Arsenal were a mix and match version of the wing-backs formation that has brought them some success. Mohamed Elneny returned for his first Arsenal game in 15 months. But it was Aubameyang who illuminated this game with 12 minutes gone.

Williams had already made a chance for James Milner with a lovely cross from the right, Milner heading clumsily over. Moments later Arsenal broke with thrilling precision. Bukayo Saka spread a pass from right to left into Aubameyang’s path. He drifted inside, leaving Williams looking a little mesmerised by that familiar shark-like glide. Four quick touches with the right foot took Aubameyang into the kill zone at the edge of the penalty area. The shot with his right was a thing of beauty, swerving in a lovely soft arc outside Alisson’s left hand and into the corner.

Arsenal hd played like this against Manchester City in the FA Cup final, sitting in a deep double bolt and breaking with precision. They almost scored again five minutes later as Eddie Nketiah robbed Joe Gomez just outside the centre circle, took the ball back from Saka but saw his low shot saved in extremis by Alisson.

On his touchline Klopp looked pensive in red and white baseball cap and Wembley-grey athleisurewear suit. Mikel Arteta was, as ever, a whirl of frantic energy, one hand stuffed into his pocket, the other endlessly pointing and flexing, like a man in a disco trying desperately not to dance. An empty game in an empty ground – but this was a wonderful start for Arsenal’s manager, two well-drilled homegrown attackers with a combined age of 39 pulling the Liverpool defence into uncomfortable shapes.

After which Liverpool began to open the throttle, but struggled to find any real clarity close to goal. Ten minutes before half-time a period of sustained pressure brought a wonderful whipped cross from the left by Andy Robertson that fizzed between goalkeeper and defence. There were endless lunging Arsenal blocks as at times the game had rhythms of a one-way giant-killing FA Cup tie. At one point Liverpool won four corners in rapid succession.

But Granit Xhaka and Elneny held the ground in the middle, Nketiah was a waspish, workaholic presence up front, constantly worrying away at Virgil van Dijk. And Arsenal went to the break looking happier at 1-0, a team whose gameplan was slotting into place.

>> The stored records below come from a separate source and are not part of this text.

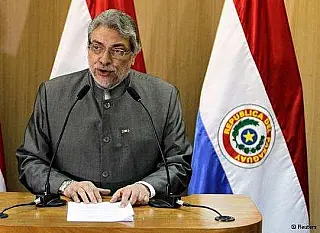Lugo pode volta a presidir Paraguai, se Cartes sair para o Senado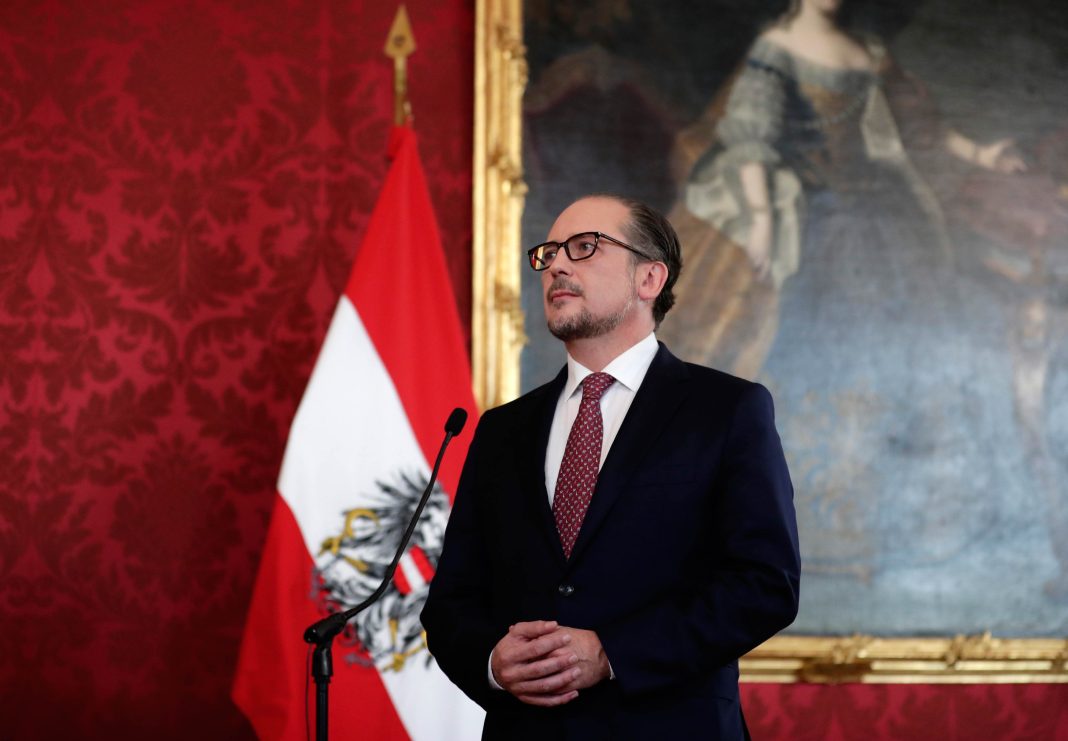 Ministrul austriac de externe: Livrările de gaz rusesc nu ar trebui supuse sancţiunilor UE dacă vrem căldură şi electricitate Ministrul austriac de externe: Livrările de gaz rusesc nu ar trebui supuse sancţiunilor UE dacă vrem căldură şi electricitate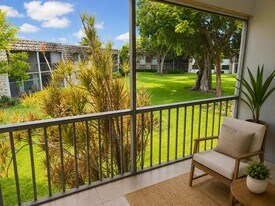 3125 Oakland Shores Dr in Oakland Park, FL - Building Photo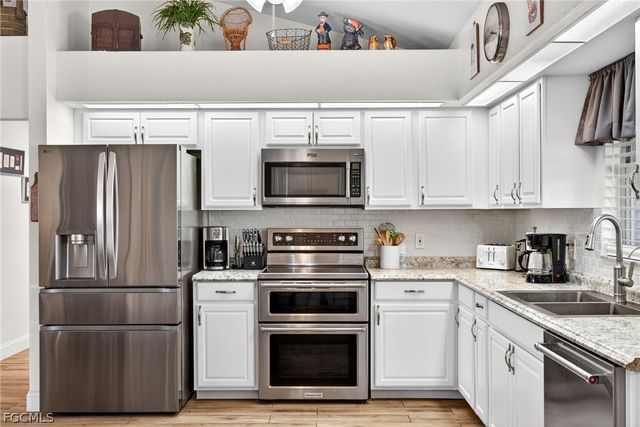 3525 NW 15th ST, Cape Coral, FL 33993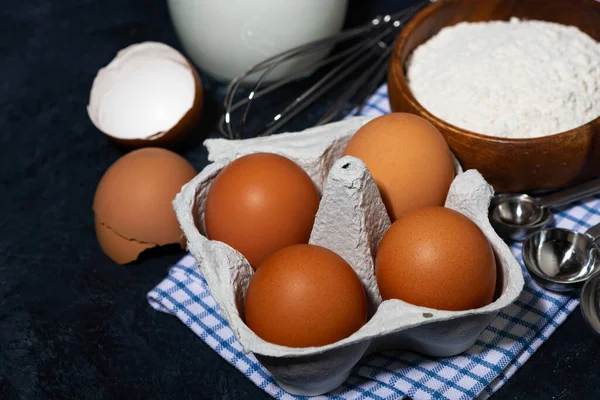 Boîte Avec Œufs Frais Farine Lait Fouet Vue Sur Dessus — Photo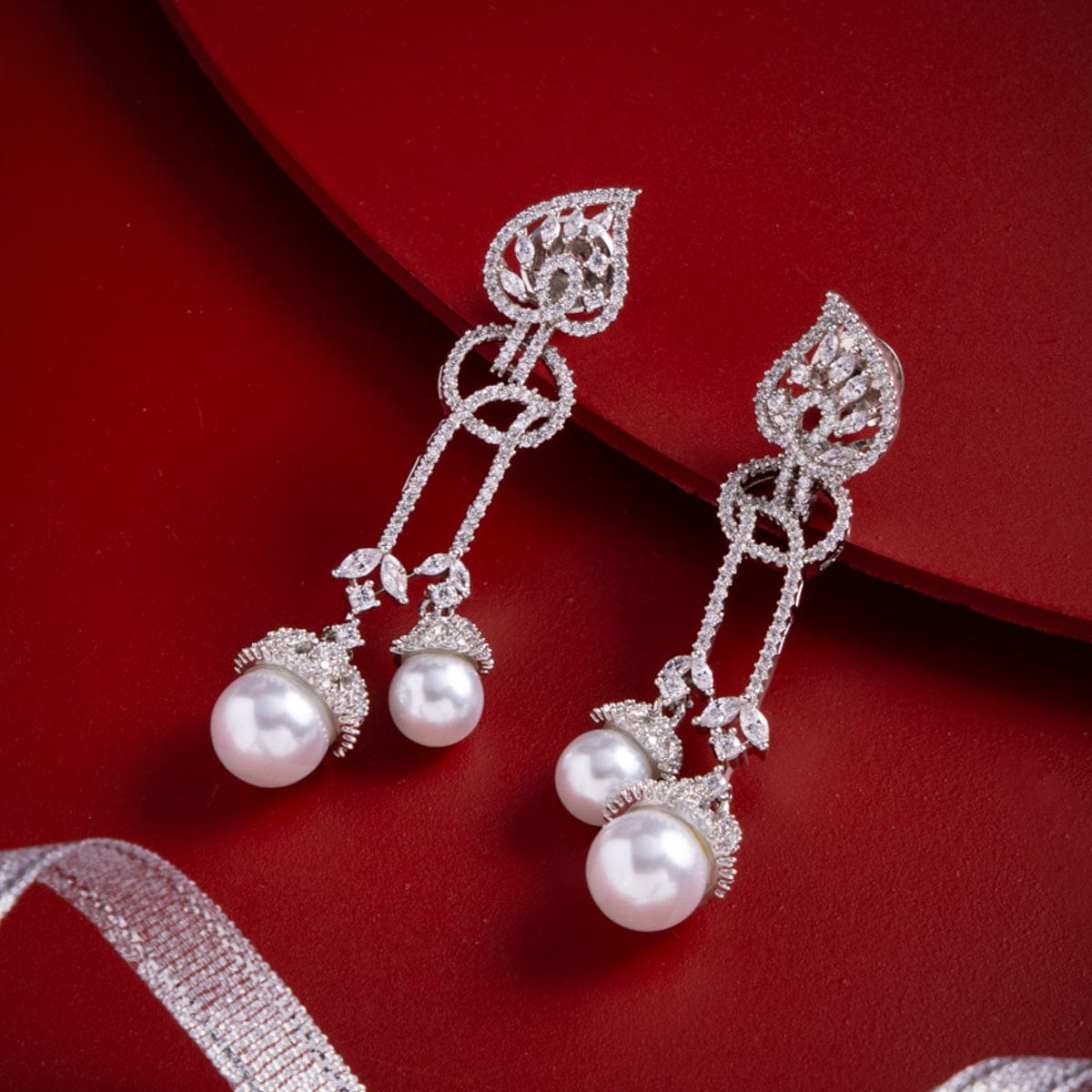 Zircon Earring Zircon Earring 184665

Liverpool found more space at the start of the second half as Arsenal had a little more possession. On 55 minutes Sadio Mané made a wonderful run in behind Rob Holding on to Robertson’s pass, but saw Emiliano Martínez make a fine close range save as he went to slip the ball into the net. Shortly after Milner was booked for a late, cynical lunge at Nketiah’s ankle as he span away into space.

With half an hour to play Minamino came on and immediately looked bright, offering a slightly different set of movements to those familiar surges down the flanks. There was a spin and shot from deep. And finally it was Minamino who scored the equaliser on 73 minutes.

Liverpool’s attack had rejigged into a three-man trident behind Roberto Firmino. As they pressed again Minamino got close to Mohamed Salah, exchanged passes, took a deflection back off the body of his teammate, then shifted his feet neatly in the tiniest of spaces to roll the ball past Martínez. It was a smart finish, and more importantly a fine piece of inventive interplay with Salah, who had weaved inside before swapping passes.

Minamino was dropping deep and playing as a kind of roving No 10 at times. Liverpool have perhaps lacked this kind of threat when teams defend deep, the player who moves in less predictable patterns, who enjoys finding space between the compressed defensive lines. But Arsenal held on, and were, on balance, deserved winners.